Low oil prices might favour economic recovery: analysts
Falling oil prices, down nearly 20 percent so far this month, might be just one of the few bits of good news among all the gloom for the global economic recovery, analysts said.
At a time when a non-stop barrage of bad news on Europe, debt and growth has roiled financial markets, importing countries can at least be happy that their oil bills are not rising, at least in the short term.
Oil prices, which hit nearly 90 dollars at the end of April, have since fallen 18 dollars, undercut by fears the European debt crisis will torpedo global economic growth and so demand.
At the same time, the crisis has driven the dollar higher, making oil more expensive for those buying it with weaker currencies which hits demand.
The global economic recovery would benefit from a period of lower oil prices given the growing risk of it falling fall back into recession, the Centre for Global Energy Studies said on Monday.
OPEC favours oil at around 80 dollars but the "global economic recovery, and with it the long-term health of the oil market, would both benefit from a period of more moderate price aspirations," London-based CGES said in its latest monthly report.
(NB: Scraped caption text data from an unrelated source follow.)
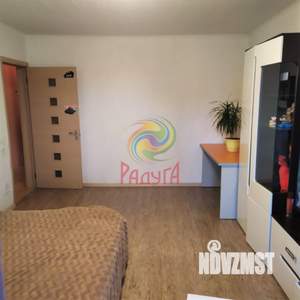 2-к квартира, вторичка, 51м2, 5/5 этаж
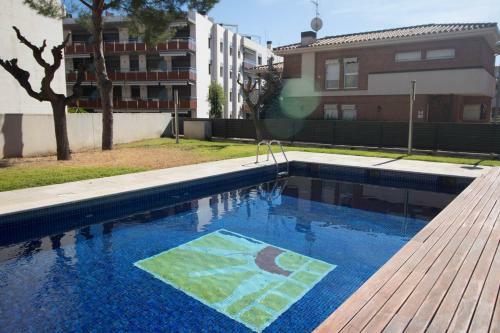 Apartamento Tropicana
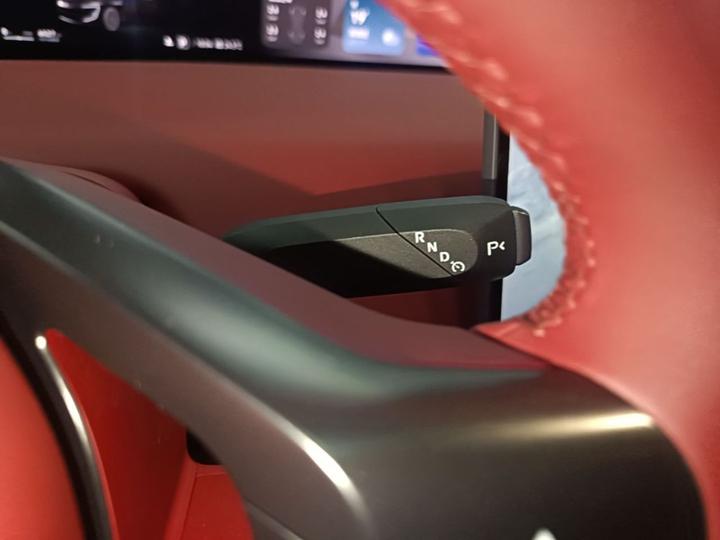 12 2026 Facelift Max EV photo 5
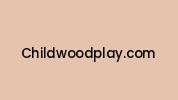 Childwoodplay.com Coupon Codes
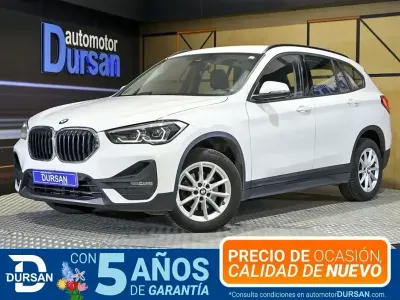 Occasion BMW X1 Comfort Edition 150 ch (110 kW) 2019 Blanc SUV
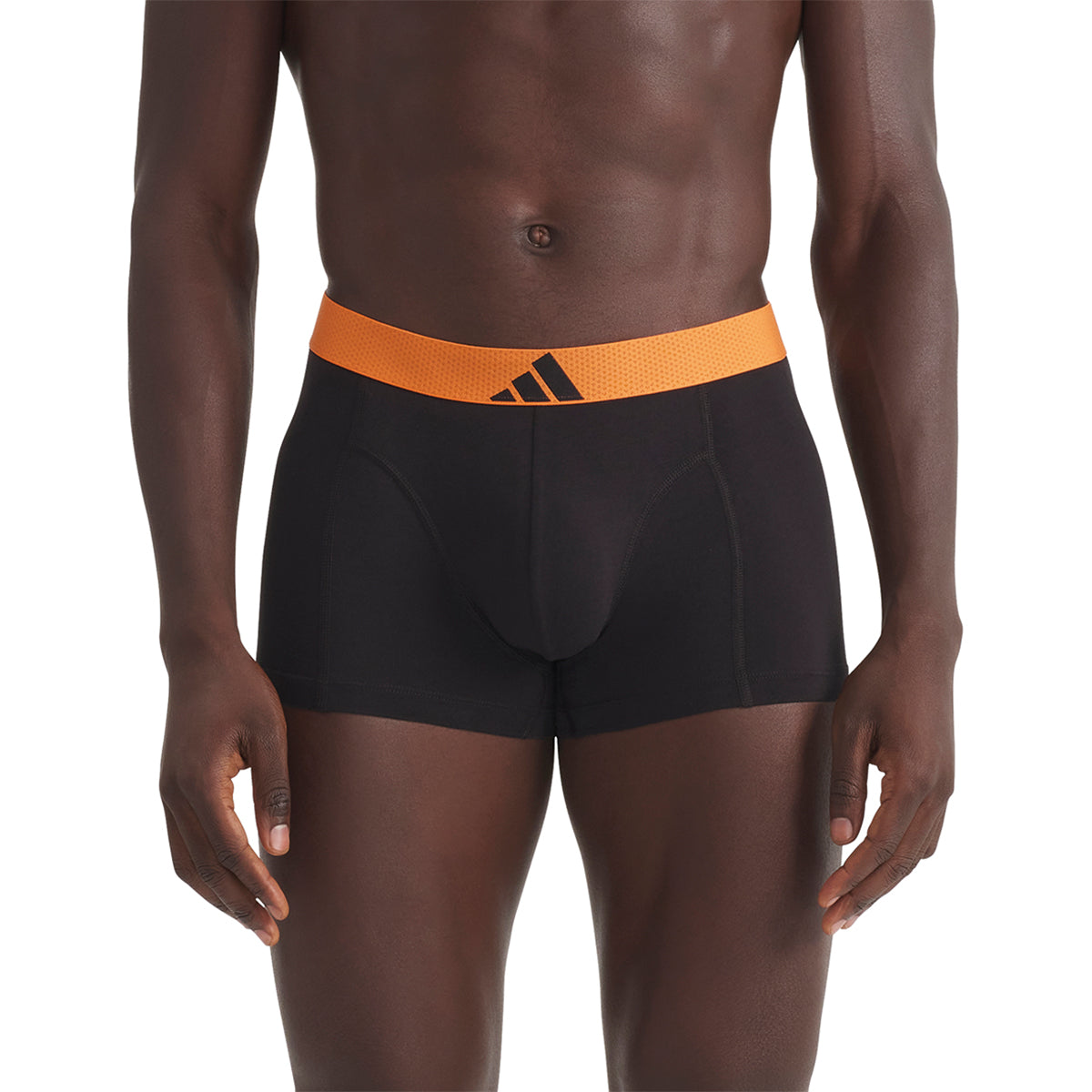 Lot de 2 boxers homme Active Flex Cotton Body Adidas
Oil producers may not be so happy but they should feel no real reason to panic -- price are still close to the 70-80 dollars favoured by OPEC as fair to both sides and high enough to justify investment.
Even after the latest price fall to around 68 dollars, oil is still trading way above the 32 dollars per barrel seen in late 2008 after the collapse of US investment bank giant Lehmans sparked the global credit crunch.
The Organisation of Petroleum Exporting Countries is "not yet" concerned by the decline below 70 dollars, Kuwaiti Oil Minister Sheikh Ahmad Abdullah al-Sabah said on Tuesday.
The Kuwaiti minister, whose country is OPEC's fifth-largest producer, said the cartel has no plans to hold an emergency meeting to discuss prices.
"We only ask for more compliance" with production quotas, said Sheikh Ahmad, adding that he was hopeful prices would stabilise at between 75 and 85 dollars.
Calyon's Christopher Barret said prices around 70 dollars "are close to perfection. While not as beautiful' as a good 80 dollars could be, they remain largely acceptable to OPEC and are likely not to cause too much harm to the fragile economic recovery."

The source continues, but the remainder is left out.